=== GIVEN RECORDS ===

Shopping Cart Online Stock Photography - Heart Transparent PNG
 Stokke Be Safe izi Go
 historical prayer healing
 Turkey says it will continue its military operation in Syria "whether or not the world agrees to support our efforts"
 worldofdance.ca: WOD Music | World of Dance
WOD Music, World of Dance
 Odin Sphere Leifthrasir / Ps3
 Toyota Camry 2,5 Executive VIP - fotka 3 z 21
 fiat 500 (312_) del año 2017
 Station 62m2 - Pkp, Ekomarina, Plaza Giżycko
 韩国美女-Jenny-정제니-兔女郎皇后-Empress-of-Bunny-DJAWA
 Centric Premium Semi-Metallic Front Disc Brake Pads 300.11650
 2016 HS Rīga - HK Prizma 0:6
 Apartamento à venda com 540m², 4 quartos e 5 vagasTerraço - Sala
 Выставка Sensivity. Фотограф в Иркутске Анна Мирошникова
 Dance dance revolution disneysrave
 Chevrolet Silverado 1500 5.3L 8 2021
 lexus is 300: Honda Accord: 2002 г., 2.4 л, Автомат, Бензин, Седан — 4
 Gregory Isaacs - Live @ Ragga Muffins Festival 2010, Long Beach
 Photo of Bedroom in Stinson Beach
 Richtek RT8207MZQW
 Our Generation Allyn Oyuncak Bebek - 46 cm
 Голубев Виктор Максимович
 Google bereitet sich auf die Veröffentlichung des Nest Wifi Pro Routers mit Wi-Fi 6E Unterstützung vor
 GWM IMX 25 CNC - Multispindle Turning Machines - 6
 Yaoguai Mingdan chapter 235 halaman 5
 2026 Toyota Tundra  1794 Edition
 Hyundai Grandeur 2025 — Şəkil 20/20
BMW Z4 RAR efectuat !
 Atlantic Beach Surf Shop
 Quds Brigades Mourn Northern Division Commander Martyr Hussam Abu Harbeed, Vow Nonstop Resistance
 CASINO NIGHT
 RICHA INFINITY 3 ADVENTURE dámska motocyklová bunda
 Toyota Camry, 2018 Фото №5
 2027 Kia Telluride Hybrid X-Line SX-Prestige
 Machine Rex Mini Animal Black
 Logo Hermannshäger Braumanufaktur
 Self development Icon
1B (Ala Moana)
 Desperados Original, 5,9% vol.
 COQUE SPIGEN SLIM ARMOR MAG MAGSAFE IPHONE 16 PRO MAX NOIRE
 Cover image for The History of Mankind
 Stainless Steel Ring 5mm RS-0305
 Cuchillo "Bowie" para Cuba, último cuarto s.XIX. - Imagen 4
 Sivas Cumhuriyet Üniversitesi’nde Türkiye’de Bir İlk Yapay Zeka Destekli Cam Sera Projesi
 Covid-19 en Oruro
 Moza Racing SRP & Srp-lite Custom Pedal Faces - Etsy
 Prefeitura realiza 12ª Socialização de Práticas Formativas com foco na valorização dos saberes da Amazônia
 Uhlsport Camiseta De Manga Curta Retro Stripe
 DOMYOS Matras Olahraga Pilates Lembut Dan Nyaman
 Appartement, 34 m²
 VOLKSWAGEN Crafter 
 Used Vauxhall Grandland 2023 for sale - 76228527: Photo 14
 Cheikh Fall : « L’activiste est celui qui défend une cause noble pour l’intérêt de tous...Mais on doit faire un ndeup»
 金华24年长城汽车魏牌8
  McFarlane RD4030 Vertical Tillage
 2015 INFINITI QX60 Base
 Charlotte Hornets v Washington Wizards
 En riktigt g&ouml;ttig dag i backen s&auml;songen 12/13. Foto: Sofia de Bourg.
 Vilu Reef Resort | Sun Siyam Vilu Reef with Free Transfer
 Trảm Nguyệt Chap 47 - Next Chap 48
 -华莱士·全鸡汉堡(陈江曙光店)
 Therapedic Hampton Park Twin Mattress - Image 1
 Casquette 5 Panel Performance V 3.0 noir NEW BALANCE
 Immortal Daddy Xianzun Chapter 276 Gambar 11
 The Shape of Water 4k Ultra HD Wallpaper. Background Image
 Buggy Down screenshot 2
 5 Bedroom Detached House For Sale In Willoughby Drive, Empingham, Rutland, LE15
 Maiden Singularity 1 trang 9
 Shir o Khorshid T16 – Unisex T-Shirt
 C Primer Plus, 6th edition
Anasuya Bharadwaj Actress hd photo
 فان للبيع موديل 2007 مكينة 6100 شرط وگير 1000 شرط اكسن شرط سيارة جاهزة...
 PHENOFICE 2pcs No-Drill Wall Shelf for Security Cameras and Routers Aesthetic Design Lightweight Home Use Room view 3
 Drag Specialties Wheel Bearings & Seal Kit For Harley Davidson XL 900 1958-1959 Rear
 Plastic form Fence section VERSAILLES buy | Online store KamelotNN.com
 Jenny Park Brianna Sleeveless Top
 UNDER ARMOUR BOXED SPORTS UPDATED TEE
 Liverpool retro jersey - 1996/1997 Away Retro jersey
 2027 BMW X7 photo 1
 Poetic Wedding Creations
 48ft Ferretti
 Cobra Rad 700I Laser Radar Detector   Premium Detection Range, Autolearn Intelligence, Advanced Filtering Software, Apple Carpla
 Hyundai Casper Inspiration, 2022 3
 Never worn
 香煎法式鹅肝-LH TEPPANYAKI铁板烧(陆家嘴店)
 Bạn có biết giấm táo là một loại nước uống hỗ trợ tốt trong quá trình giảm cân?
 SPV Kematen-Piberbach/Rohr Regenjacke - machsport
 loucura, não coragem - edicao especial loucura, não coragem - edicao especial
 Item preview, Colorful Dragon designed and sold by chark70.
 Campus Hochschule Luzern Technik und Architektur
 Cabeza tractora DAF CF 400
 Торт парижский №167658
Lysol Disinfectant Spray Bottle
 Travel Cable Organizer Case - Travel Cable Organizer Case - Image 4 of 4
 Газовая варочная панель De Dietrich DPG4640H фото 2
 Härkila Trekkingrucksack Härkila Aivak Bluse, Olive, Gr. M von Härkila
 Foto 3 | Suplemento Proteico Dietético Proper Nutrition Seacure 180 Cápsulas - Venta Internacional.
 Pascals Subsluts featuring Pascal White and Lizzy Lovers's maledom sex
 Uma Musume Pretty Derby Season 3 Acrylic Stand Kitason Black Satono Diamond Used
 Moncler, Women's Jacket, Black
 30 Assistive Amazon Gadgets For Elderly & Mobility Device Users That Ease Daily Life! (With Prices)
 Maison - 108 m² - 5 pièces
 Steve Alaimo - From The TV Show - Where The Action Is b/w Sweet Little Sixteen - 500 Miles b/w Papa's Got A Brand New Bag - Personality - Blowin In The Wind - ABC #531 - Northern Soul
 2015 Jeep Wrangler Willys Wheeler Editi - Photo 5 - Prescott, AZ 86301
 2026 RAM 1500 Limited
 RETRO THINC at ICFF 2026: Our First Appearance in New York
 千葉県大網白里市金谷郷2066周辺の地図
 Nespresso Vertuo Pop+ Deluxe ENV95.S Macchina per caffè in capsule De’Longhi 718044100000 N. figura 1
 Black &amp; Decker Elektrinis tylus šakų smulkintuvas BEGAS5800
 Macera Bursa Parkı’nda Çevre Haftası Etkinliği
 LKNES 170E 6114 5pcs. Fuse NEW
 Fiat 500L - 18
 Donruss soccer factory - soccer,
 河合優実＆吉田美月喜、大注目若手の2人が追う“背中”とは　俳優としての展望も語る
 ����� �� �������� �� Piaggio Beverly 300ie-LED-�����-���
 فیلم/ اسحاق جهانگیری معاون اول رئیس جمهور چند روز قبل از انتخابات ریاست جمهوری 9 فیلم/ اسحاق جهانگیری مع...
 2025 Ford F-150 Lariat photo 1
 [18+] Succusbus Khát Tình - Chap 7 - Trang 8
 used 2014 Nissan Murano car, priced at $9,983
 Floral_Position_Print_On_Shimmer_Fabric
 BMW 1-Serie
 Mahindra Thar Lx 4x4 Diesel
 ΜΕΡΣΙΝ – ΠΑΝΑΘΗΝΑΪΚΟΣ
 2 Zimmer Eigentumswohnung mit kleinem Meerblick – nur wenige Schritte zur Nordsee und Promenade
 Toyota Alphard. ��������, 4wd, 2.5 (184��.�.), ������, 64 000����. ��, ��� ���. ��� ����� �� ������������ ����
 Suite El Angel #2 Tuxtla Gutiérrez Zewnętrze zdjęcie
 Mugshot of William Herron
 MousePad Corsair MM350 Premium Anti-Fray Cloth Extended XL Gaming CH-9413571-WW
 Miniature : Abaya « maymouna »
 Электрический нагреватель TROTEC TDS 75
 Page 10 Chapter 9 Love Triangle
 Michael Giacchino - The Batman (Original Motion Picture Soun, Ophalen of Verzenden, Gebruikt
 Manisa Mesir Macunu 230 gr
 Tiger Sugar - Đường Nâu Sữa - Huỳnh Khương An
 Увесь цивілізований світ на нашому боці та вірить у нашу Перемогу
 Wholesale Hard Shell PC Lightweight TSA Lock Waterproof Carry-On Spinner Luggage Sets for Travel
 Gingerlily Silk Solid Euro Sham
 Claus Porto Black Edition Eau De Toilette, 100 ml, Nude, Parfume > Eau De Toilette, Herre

===

### TO DO
Copy the lines of the data above exactly as written, beginning with the line containing "BMW 1-Serie" and ending with the line containing "Mugshot of William Herron", and leave out all other lines.

### YOUR SOLUTION
 BMW 1-Serie
 Mahindra Thar Lx 4x4 Diesel
 ΜΕΡΣΙΝ – ΠΑΝΑΘΗΝΑΪΚΟΣ
 2 Zimmer Eigentumswohnung mit kleinem Meerblick – nur wenige Schritte zur Nordsee und Promenade
 Toyota Alphard. ��������, 4wd, 2.5 (184��.�.), ������, 64 000����. ��, ��� ���. ��� ����� �� ������������ ����
 Suite El Angel #2 Tuxtla Gutiérrez Zewnętrze zdjęcie
 Mugshot of William Herron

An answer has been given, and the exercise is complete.